Activity
Repeat exactly the lines from the line containing "サンライフAKI II(1K/1階)の間取り写真" to the last line of the listing, including both.
--- Records to use Enclosed Below ---
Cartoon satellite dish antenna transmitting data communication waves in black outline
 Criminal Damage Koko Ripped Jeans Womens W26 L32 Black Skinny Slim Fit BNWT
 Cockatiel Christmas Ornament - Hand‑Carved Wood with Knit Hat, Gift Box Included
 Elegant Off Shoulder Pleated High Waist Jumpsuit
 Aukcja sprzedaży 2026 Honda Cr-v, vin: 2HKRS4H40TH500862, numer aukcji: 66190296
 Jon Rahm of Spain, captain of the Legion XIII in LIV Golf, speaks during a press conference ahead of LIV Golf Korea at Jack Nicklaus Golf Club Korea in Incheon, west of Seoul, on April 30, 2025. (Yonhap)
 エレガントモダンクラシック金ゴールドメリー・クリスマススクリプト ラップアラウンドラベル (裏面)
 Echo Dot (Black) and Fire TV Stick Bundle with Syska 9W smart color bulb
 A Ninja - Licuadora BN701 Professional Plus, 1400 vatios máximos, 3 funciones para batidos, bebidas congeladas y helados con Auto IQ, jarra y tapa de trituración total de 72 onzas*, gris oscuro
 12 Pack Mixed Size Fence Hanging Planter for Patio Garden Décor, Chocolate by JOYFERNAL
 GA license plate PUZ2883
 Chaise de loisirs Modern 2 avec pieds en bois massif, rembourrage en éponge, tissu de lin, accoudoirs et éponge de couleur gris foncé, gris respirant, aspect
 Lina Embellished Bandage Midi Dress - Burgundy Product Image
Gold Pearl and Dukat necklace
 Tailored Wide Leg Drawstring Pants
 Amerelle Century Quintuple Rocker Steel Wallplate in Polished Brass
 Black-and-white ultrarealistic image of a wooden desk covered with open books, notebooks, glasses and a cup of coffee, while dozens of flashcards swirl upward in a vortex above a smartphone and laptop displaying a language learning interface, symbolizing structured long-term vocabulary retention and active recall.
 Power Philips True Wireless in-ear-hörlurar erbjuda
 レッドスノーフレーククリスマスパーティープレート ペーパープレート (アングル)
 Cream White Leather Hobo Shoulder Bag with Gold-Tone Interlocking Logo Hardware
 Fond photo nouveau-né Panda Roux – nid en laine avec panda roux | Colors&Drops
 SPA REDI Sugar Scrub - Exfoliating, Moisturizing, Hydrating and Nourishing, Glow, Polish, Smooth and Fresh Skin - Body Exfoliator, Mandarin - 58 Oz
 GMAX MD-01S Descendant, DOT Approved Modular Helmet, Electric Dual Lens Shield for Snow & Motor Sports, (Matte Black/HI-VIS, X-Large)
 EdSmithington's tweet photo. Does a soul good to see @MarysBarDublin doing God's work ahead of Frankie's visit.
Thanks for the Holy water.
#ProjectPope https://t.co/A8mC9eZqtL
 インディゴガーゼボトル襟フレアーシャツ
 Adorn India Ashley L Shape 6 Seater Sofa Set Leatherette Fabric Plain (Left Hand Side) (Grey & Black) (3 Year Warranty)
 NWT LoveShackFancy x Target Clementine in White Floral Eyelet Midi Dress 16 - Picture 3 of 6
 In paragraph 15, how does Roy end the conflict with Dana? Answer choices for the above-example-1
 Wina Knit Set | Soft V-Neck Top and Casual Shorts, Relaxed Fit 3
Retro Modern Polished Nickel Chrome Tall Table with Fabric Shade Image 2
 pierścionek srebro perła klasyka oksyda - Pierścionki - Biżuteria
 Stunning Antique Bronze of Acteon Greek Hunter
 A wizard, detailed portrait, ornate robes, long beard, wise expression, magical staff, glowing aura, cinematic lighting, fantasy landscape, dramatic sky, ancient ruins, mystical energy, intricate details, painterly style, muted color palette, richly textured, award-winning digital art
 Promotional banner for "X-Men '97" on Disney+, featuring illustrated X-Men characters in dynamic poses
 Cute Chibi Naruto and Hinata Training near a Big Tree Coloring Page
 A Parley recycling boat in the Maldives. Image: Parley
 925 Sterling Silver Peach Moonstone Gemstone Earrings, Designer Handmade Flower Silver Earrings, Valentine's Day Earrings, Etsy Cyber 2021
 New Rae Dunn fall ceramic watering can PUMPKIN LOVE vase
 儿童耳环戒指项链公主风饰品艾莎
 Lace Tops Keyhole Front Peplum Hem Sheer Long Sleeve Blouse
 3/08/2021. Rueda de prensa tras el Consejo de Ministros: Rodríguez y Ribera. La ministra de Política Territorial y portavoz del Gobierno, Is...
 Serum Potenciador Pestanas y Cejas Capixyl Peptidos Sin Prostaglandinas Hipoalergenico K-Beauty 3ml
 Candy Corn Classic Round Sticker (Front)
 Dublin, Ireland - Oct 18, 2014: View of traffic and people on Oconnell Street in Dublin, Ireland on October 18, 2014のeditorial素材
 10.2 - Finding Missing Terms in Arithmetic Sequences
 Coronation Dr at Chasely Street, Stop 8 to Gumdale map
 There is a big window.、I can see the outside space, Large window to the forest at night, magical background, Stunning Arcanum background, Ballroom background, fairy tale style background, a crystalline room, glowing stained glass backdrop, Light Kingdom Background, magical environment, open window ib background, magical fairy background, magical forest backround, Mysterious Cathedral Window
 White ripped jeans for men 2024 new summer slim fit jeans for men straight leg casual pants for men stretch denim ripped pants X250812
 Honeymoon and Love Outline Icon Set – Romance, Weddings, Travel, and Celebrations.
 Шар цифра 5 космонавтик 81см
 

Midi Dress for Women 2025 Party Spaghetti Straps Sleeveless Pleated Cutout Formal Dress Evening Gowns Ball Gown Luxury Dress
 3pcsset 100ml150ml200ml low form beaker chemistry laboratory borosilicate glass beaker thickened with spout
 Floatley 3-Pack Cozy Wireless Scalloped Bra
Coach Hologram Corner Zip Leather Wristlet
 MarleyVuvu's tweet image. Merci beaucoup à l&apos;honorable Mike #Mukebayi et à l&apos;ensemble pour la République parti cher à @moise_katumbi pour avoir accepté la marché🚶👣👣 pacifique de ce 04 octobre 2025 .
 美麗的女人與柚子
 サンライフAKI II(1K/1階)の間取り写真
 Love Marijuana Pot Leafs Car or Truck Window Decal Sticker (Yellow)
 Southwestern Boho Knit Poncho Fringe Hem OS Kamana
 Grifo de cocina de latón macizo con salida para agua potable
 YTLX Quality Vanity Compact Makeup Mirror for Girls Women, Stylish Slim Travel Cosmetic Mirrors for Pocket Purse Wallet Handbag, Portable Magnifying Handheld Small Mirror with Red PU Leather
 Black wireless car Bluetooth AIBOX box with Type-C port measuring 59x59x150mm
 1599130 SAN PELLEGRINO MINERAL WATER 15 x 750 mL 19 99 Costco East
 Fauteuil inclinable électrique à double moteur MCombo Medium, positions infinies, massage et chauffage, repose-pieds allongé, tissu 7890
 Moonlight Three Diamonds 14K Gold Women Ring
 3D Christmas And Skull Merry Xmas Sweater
--- End of Enclosed Records to use ---
Completed task
 サンライフAKI II(1K/1階)の間取り写真
 Love Marijuana Pot Leafs Car or Truck Window Decal Sticker (Yellow)
 Southwestern Boho Knit Poncho Fringe Hem OS Kamana
 Grifo de cocina de latón macizo con salida para agua potable
 YTLX Quality Vanity Compact Makeup Mirror for Girls Women, Stylish Slim Travel Cosmetic Mirrors for Pocket Purse Wallet Handbag, Portable Magnifying Handheld Small Mirror with Red PU Leather
 Black wireless car Bluetooth AIBOX box with Type-C port measuring 59x59x150mm
 1599130 SAN PELLEGRINO MINERAL WATER 15 x 750 mL 19 99 Costco East
 Fauteuil inclinable électrique à double moteur MCombo Medium, positions infinies, massage et chauffage, repose-pieds allongé, tissu 7890
 Moonlight Three Diamonds 14K Gold Women Ring
 3D Christmas And Skull Merry Xmas Sweater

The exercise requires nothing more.